“Echo Delay Reverb, Art Américain, Pensées Francophones,” at Paris’ Palais de Tokyo” contemporary art museum, revisits various ways in which successive generations of artists in the United States have been influenced by social, political and theoretic concepts shaped in France (to February 15, 2026).
The exhibition pays special attention to a group of Postmodern French intellectuals collectively known as “French Theory.” The term emerged in American universities and research work in the 1970’s, from a school of thought born in the 1960’s in France and owes much, in terms of dissemination, to the journal “Semiotext(e) founded by Sylvere Lotringer in 1974 at Columbia University. It contributed to the emergence of cultural. postcolonial and gender studies.
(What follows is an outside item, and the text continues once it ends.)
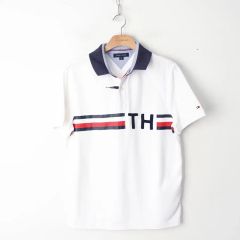 TOMMY HILFIGER ポロシャツ 胸にトリコロール ホワイト XL - メルカリ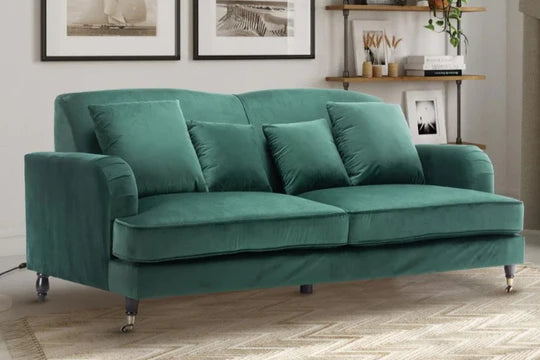 Velvet Bottle Green 2 Seater Sofa STILE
The exhibition illustrates how art in the United States catalysed the revolutionary energy of such thinkers as Roland Barthes, MIchel Foucault, Jean Baudrillard, Jacques Derrida, Simone de Beauvoir and Jean Genet. Sometimes before their recognition in France, these authors’ ideas were translated and provided tools for a critique of social and political institutions. Curated by Naomi Beckwith, the exhibition occupies the totality of the vast Palais Tokyo exhibition space with work by nearly sixty artists from the 1960’s to the present day.
“Echo Delay Reverb, Art Américain, Pensées Francophones” at Palais de Tokyo to February 15, 2026.